Deux jeux d’indicateurs sont donc proposés : un premier jeu porte sur l’évaluation des actions de l’Usine Végétale (nombre d’heures de formation délivrées, nombre de marqueurs de l’innovation sociale associés à un projet, etc.). Un second jeu d’indicateur concerne les impacts finals des projets (contribution à la production d’énergie renouvelable en Kwh, à l’autonomie alimentaire en kcal, etc. ) et doit être évalué en aval de l’accompagnement par l’Usine Végétale. Le choix des indicateurs a été dicté par des considérations de faisabilité (lourdeur de la collecte dans le temps) et de pertinence par rapport à la relation causale action/résultat que les équipes de l’APESA et de l’Usine Végétale souhaitaient décrire.

Enseignements à mi-chemin

Plusieurs enseignements peuvent être tirés de ce travail. Le premier tient dans la différenciation des périmètres d’action selon les activités : petit territoire d’une vingtaine de kilomètres de diamètre pour les activités nourricières, régional pour la construction et international pour les activités culturelles. Cela suppose d’associer clairement une activité à un domaine d’intervention afin d’être identifié par les parties prenantes adaptées et de pouvoir mobiliser les ressources nécessaires (financements, bénévoles, lieux, etc.).

Le second est à trouver dans l’évolution de la perception du lieu au fil de sa structuration. Projet associatif et culturel à l’origine, L’Usine Végétale a rapidement pris le virage du développement économique local et de l’ESS pour faire émerger des initiatives de transition sur le territoire. Le lancement d’une plateforme d’accompagnement des projets, Éclosion, a notamment permis de mobiliser des ressources encore concentrées sur la métropole bordelaise au service de la ruralité girondine.
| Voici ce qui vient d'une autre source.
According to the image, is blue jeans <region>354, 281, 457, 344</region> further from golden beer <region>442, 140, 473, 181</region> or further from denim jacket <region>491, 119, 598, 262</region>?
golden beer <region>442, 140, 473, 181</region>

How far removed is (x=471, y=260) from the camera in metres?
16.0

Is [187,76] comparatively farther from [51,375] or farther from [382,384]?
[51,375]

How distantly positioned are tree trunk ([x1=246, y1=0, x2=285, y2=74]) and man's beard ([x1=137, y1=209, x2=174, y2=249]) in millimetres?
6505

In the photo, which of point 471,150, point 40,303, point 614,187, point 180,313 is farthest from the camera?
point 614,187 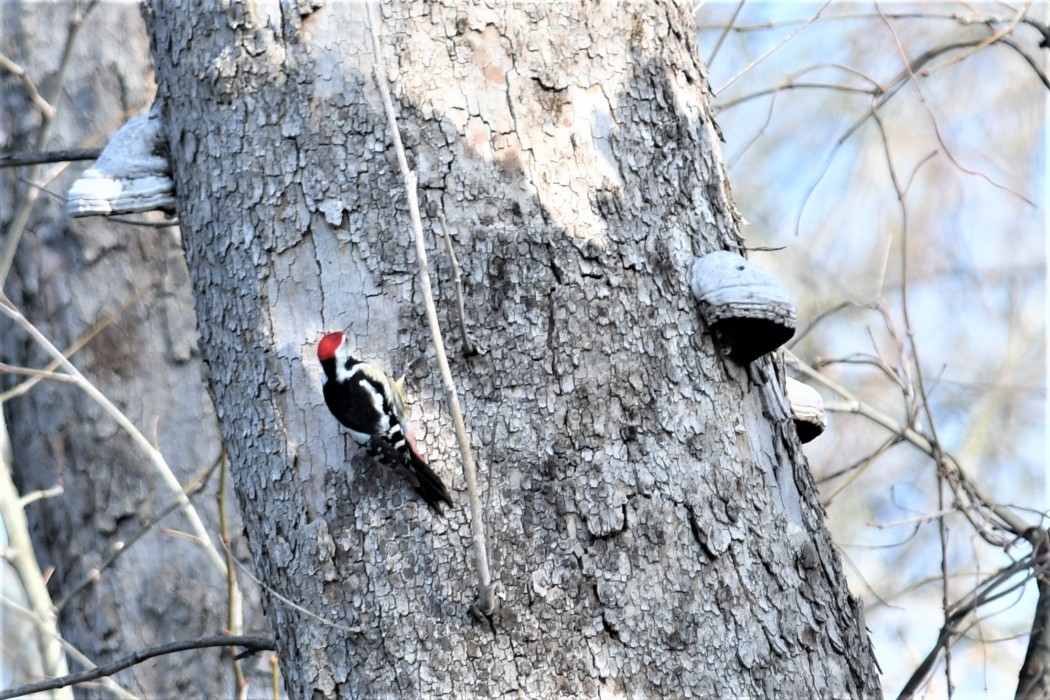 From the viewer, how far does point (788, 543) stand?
1.77m

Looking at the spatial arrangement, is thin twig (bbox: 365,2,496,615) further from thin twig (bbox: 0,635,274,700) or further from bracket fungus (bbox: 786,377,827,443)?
bracket fungus (bbox: 786,377,827,443)

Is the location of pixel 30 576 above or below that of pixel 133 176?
below

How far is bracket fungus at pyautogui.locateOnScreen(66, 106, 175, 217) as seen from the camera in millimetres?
2010

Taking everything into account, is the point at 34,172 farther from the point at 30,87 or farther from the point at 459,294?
the point at 459,294

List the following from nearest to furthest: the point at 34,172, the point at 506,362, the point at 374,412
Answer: the point at 374,412 < the point at 506,362 < the point at 34,172

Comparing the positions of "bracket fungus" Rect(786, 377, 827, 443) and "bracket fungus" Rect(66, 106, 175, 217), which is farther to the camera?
"bracket fungus" Rect(786, 377, 827, 443)

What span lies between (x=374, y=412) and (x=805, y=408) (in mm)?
1016

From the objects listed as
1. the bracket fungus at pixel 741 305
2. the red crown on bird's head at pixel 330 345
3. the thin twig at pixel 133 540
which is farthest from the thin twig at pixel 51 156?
the bracket fungus at pixel 741 305

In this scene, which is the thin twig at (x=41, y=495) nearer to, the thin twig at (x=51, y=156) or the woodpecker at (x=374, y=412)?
the thin twig at (x=51, y=156)

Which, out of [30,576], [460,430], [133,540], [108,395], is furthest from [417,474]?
[108,395]

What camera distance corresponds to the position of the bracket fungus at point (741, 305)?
1.77 metres

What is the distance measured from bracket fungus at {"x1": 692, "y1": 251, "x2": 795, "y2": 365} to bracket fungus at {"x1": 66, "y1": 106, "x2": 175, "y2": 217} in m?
1.07

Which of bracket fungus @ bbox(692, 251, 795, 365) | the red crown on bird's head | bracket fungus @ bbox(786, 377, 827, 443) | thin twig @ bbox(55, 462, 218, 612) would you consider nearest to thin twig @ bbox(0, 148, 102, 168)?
the red crown on bird's head

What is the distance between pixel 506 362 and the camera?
171 cm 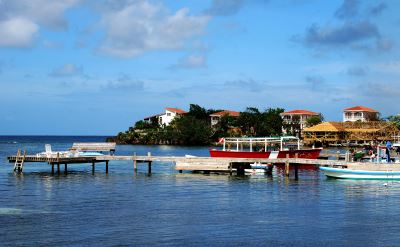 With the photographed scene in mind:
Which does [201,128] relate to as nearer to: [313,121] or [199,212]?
[313,121]

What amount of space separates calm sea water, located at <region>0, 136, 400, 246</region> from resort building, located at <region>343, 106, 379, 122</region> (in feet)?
411

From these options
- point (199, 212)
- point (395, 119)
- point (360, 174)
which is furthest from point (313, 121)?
point (199, 212)

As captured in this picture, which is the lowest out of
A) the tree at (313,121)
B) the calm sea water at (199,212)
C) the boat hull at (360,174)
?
the calm sea water at (199,212)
Des indicateurs spécifiques à cette plateforme ont été proposés (indicateurs de gestion et d’impact) afin de mettre en avant la singularité des projets accompagnés par rapport à une logique de développement économique classique. C’est tout un écosystème qui est mobilisé autour de l’impulsion du tiers lieux : ESS (CRESS, ATIS, Coopérative des tiers lieux), institutionnel (département, communauté d’agglomération, région, État en région) et technique (Nouvel’R, Arrêt Minute, Technowest). C’est une autre manière de développer le territoire qui se dessine, autour de projets porteurs de sens et de valeurs alignées avec les enjeux de la transition.

En quelques années, l’Usine Végétale est donc devenu un acteur incontournable de la dynamique ESS sur le territoire, relais d’initiatives économiques et sociales et partenaire des transitions. Cette trajectoire consacre le rôle des tiers lieux comme partenaires de l’aménagement local et réel facteur de dynamisme dans les territoires ruraux.

Cet article est publié en Licence Ouverte 2.0 afin d’en favoriser l’essaimage et la mise en discussion.